# Notebook 3: The `scanpy` Workflow & Spatial QC with Visium

**Tutor:** Anthony Christidis
**Time:** 45 minutes

---

Welcome to the computational analysis part of the workshop! Before we dive into our high-resolution Xenium data, let's learn the fundamental analysis workflow on a classic spatial technology: **10x Visium**.

In this notebook, we'll use `scanpy` for clustering and `squidpy` to demonstrate a best-practice Quality Control (QC) workflow that leverages spatial information. We will then apply a streamlined version of this workflow to our Xenium data to prepare it for the next notebook.

**Goals:**
1.  Perform a standard unsupervised clustering workflow on Visium data (`scanpy`).
2.  Visualize QC metrics (like total counts) in their physical space (`squidpy`).
3.  Visualize the final spot clusters on the tissue image.

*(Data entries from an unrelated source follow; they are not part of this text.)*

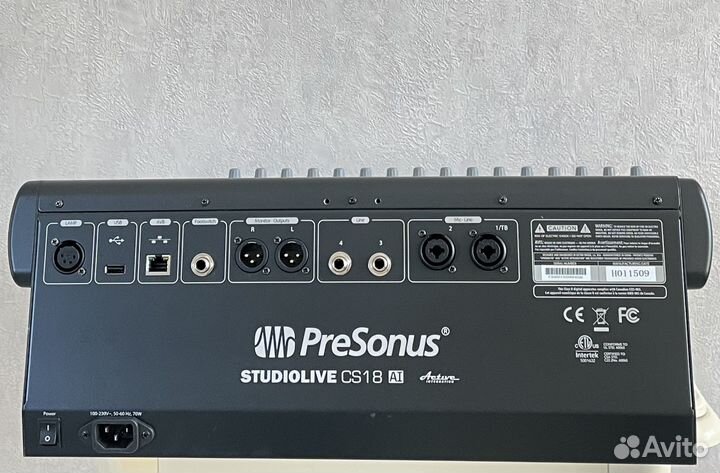 PreSonus StudioLive CS18AI / RM16AI - обмен
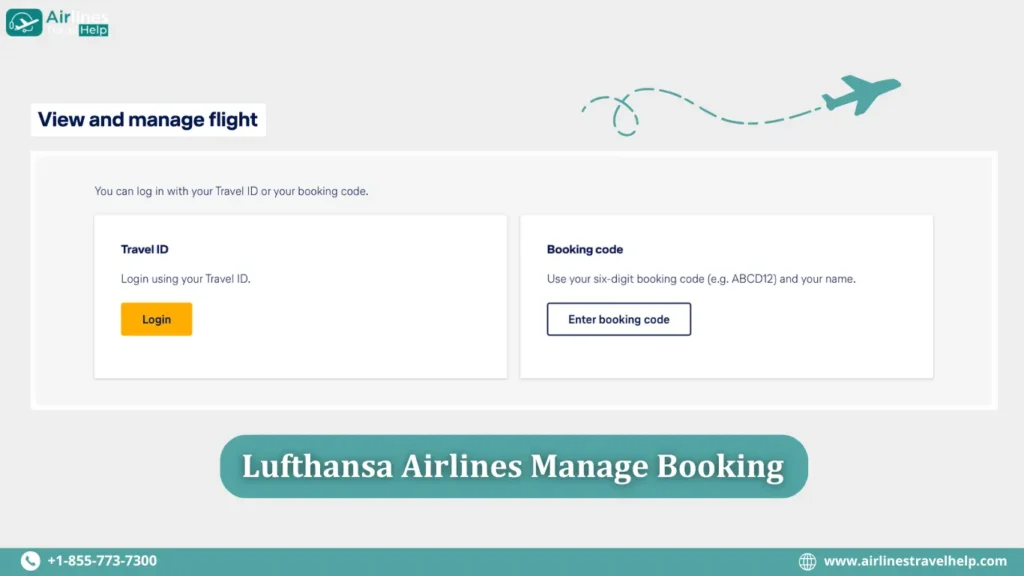 Lufthansa Airlines Manage Booking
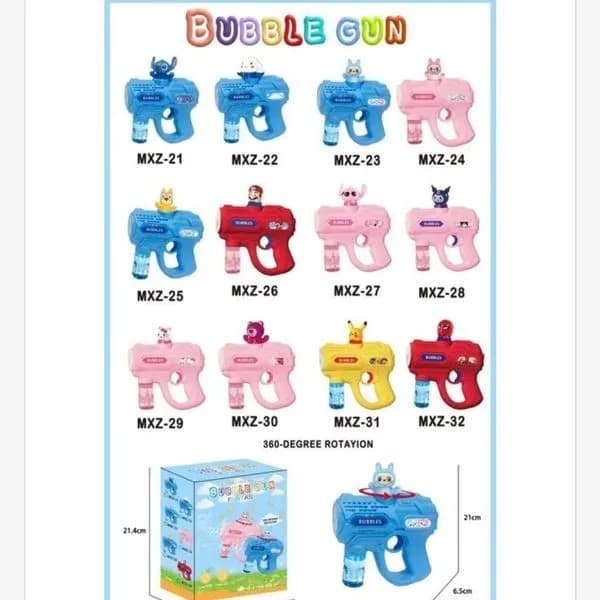 Pistolet do Baniek Mydlanych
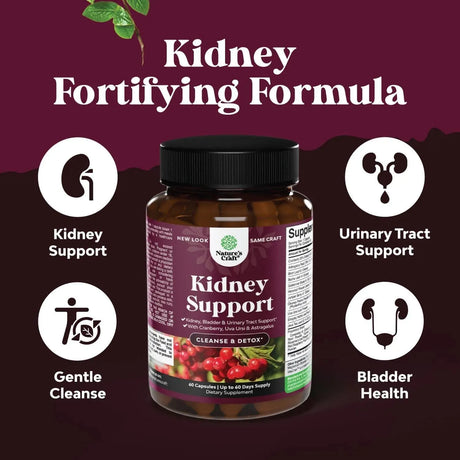 NATURES CRAFT - Natures Craft Kidney Support 60 Capsulas - The Red Vitamin MX - Suplementos Alimenticios - {{ shop.shopifyCountryName }}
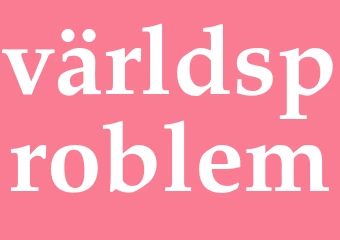 Synonym världsproblem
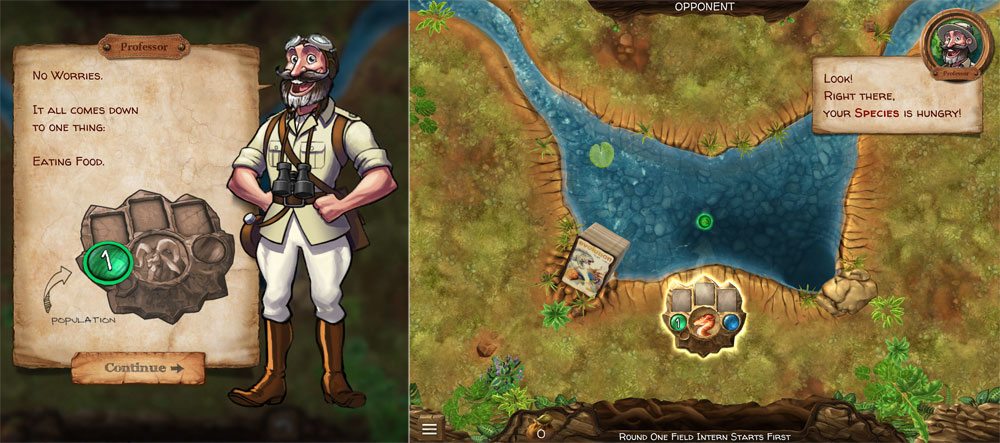 Evolution video game tutorial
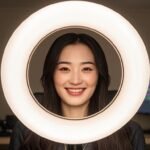 Best ring lights for online meetings showing LED ring light for video calls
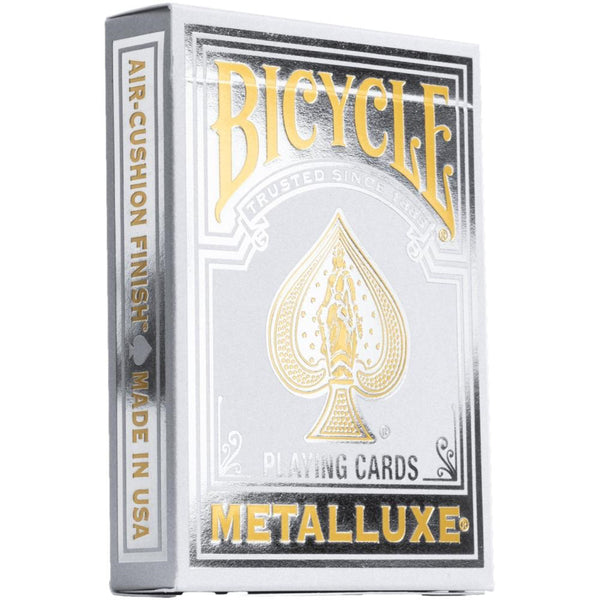 Bicycle - Metalluxe (Silver) Playing Cards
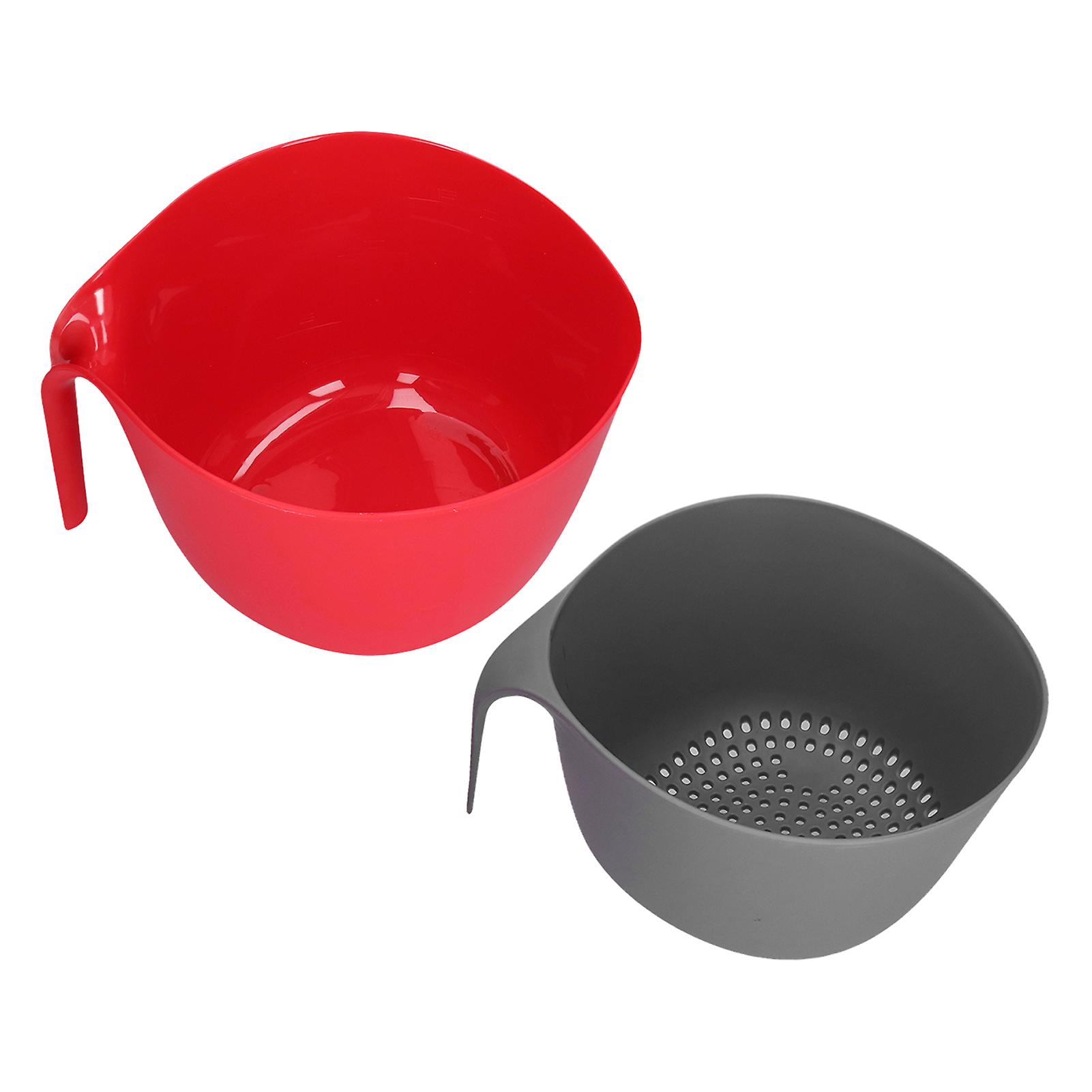Plastic Strainer 2 In 1 Double Layer Detachable Large Capacity High Durability Nontoxic Food Strainer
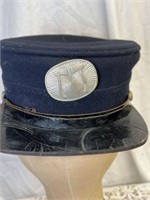 ANTIQUE 1800S FIRE DEPARTMENT DRESS HAT WITH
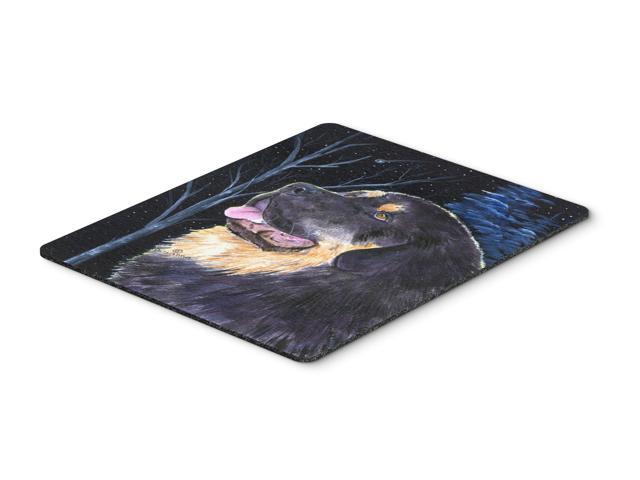 Starry Night Tibetan Mastiff Mouse Pad Hot Pad or Trivet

### Setup and Data Loading

First, let's import our libraries and load the Visium Glioblastoma dataset.

In [None]:
%load_ext jupyter_black

import spatialdata as sd
import scanpy as sc
import squidpy as sq

import warnings
warnings.filterwarnings("ignore")

sdata_visium = sd.read_zarr("../data/visium_glioblastoma_subset.zarr")
adata_visium = sdata_visium.tables["table"]

### Part 1: Visium Analysis - Spatial Quality Control

For spot-based data, visualizing QC metrics spatially is a critical first step. It can reveal technical issues like tissue detachment or slide artifacts.

First, we calculate the standard QC metrics using `scanpy`.

In [None]:
sc.pp.calculate_qc_metrics(adata_visium, percent_top=(20, 50), inplace=True)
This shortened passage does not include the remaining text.